Set[e  .b]  Set[e  .a]

State[e  .b]  e  .w

endif

endif

endif

endwhile

end {Kruskal

Program PG10.4 is appropriate at this point.

10.4.1 The Shortest Path Problem

The shortest path problem is to find the path in a weighted graph between two given vertices that has the minimal weight sum of all such paths.

If the weights are all one, bfs will find the shortest path from the starting vertex to all vertices in its component. A bfs search attaches to a component tree all vertices reachable from the root with one edge, then all those reachable with two, and so on.

The minimum spanning tree determination with SparsePQT repeatedly adds the vertex closest to the tree. The shortest path variation is simply to add the vertex closest to the root vertex r from which paths are to be formed. (Its state may be initialized to zero instead of UNSEEN so that it is chosen first.)

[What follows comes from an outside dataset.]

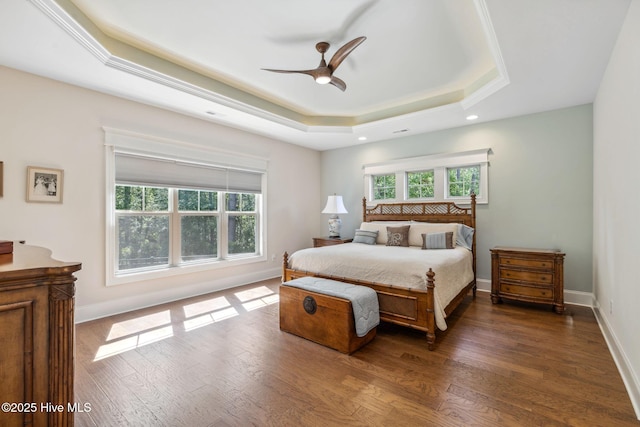 bedroom with a ceiling fan, recessed lighting, baseboards, dark wood-type flooring, and a raised ceiling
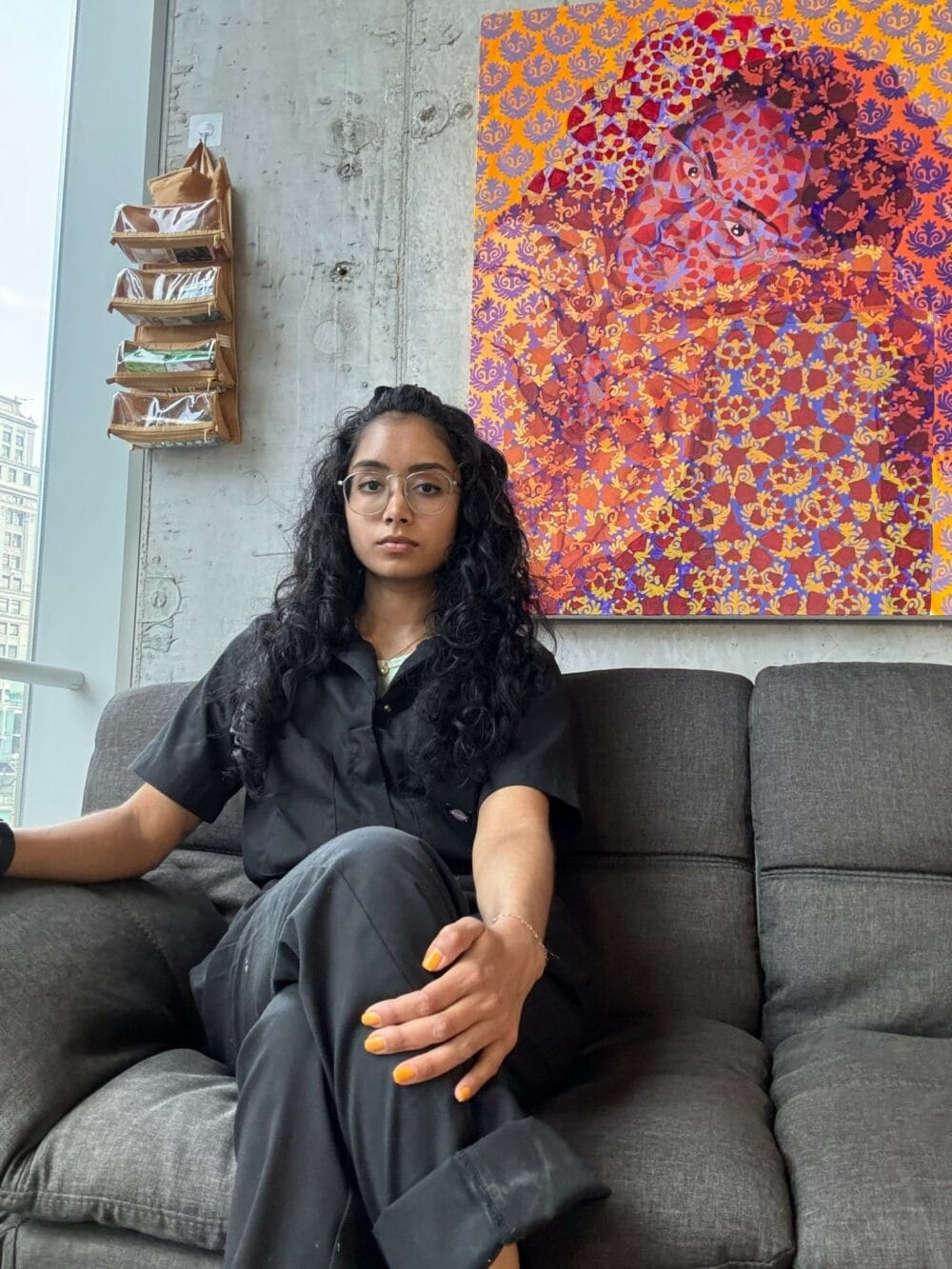 Artist sitting on couch in front of painting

Suppose that SparsePQT is used to derive the shortest path. During the traverse, the vertices in state DONE are connected to r by shortest paths. If m is moved into state HELD from state UNSEEN in the adjacency loop of k, the shortest known path from m to r is formed by attachment of m to the tree at k. The total path length to r is the path length from k to r plus the weight of the edge (k,m). If m is already in state HELD, the path from m to k to r may or may not be shorter than the shortest path known prior to the processing of k. The test is simply made by using:

Priority = State[k] + p  .w

The final path length from r to any k is in list State; the individual edges in the shortest path tree can be derived from list Parent.

A variation for dense graphs, using the adjacency matrix, is to use the list State simply as that: an unordered list. The State entries of vertices not yet in state DONE are negated to distinguish them. The Remove procedure is replaced by a linear scan for the largest negative vertex (closest to zero). When the state of a vertex is changed in the adjacency loop, it is changed to - priority. When a vertex is moved into state DONE, its State entry is complemented to make it positive.

The use of a[k,m] for Priority values yields Prim's Algorithm for the minimal spanning forest, and the use of State[k] + a[k,m] for Priority values yields Dijkstra's Algorithm for the shortest path problem.

Program PG10.5 is appropriate at this point.

Summary

Problems of interest in a wide variety of applications include the mathematical model, graph. Graph models have been used for a long time and have accumulated a great deal of nomenclature concerning their paths and cycles. Graphs can be modeled in a program in a number of ways. The two most common structures for representing a graph are the adjacency matrix, most suitable for dense graphs, and the adjaceny list for sparse graphs.

A basic requirement of most algorithms that deal with a graph is a traverse of it, generally to make a search for something. The approach taken here is to describe a very general traversal that can be specialized and perhaps made more efficient for particular uses. It is a priority-queue traverse, PQT. PQT is shown to be general enough to include dfs (depth-first search) and bfs (breadth-first search).

PQT is used to generate data-acquisition lists Parent, Ancestor, Done, and WhenDone. These in turn are used to answer questions about a graph--its cycles, components, paths, spanning forest, and biconnection properties.

The use of edge-weights for priorities in PQT allows it to be used to find minimal spanning trees and shortest paths.

This chapter is formed around a central algorithm. PQT can be specialized, tuned, and expanded as needed. An advantage to this approach is that customizing can be done on familiar grounds, using the programmer's time efficiently.